A jurisprudência tem entendido que publicações em redes sociais podem produzir efeitos equivalentes aos de condutas praticadas no ambiente físico de trabalho, legitimando a aplicação da penalidade.

A Constituição Federal (art. 5º, incisos IV, V e X) assegura a liberdade de expressão, mas estabelece limites claros quando essa manifestação viola direitos relacionados à honra, à imagem e à dignidade. Já o Marco Civil da Internet reforça mecanismos de responsabilização de plataformas mediante notificação, permitindo respostas mais ágeis a conteúdos ilícitos.

Com a evolução da sociedade, a linha que separa opinião de ofensa se tornou cada vez mais tênue. A liberdade de expressão é garantida, mas não é absoluta: quando a crítica se transforma em injúria ou difamação, há quebra de confiança, podendo configurar justa causa, inclusive quando a conduta ocorre fora do expediente.

O desafio, agora, reside na interpretação. A definição do que constitui “crítica legítima” ou “falta grave” ainda é variável entre diferentes julgadores, o que aumenta o risco de reversão de penalidades, pedidos de indenização e danos à reputação corporativa.
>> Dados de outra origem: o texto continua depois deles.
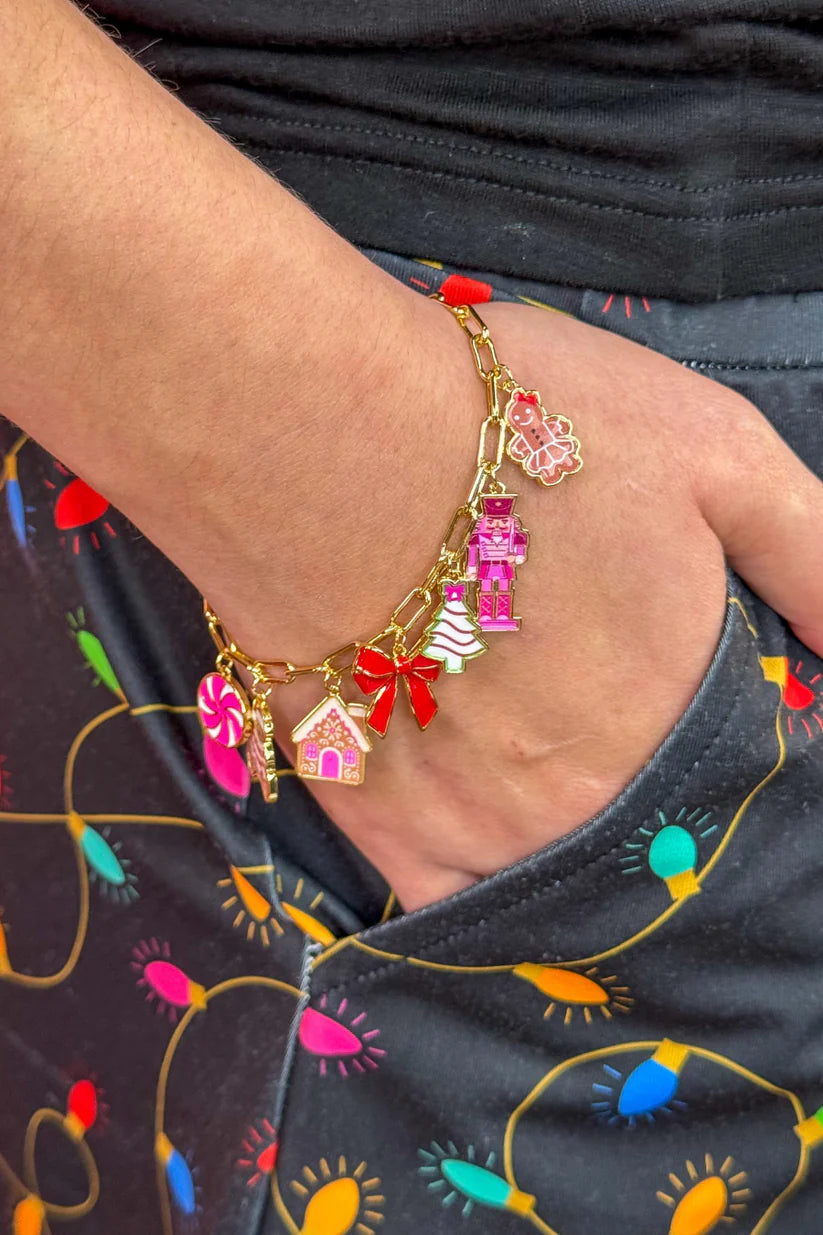 Holiday Charm Bracelet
Em um ambiente empresarial cada vez mais exposto ao escrutínio público, sobretudo nas redes sociais, torna-se imprescindível que as organizações adotem políticas claras, protocolos seguros de apuração e documentação robusta para fundamentar suas decisões e que as decisões e a gestão de tópicos sensíveis considerem estratégia, cautela e respaldo técnico.

Condutas inadequadas de colaboradores podem gerar impactos relevantes, mas a resposta empresarial deve estar alinhada à legislação e às melhores práticas de governança.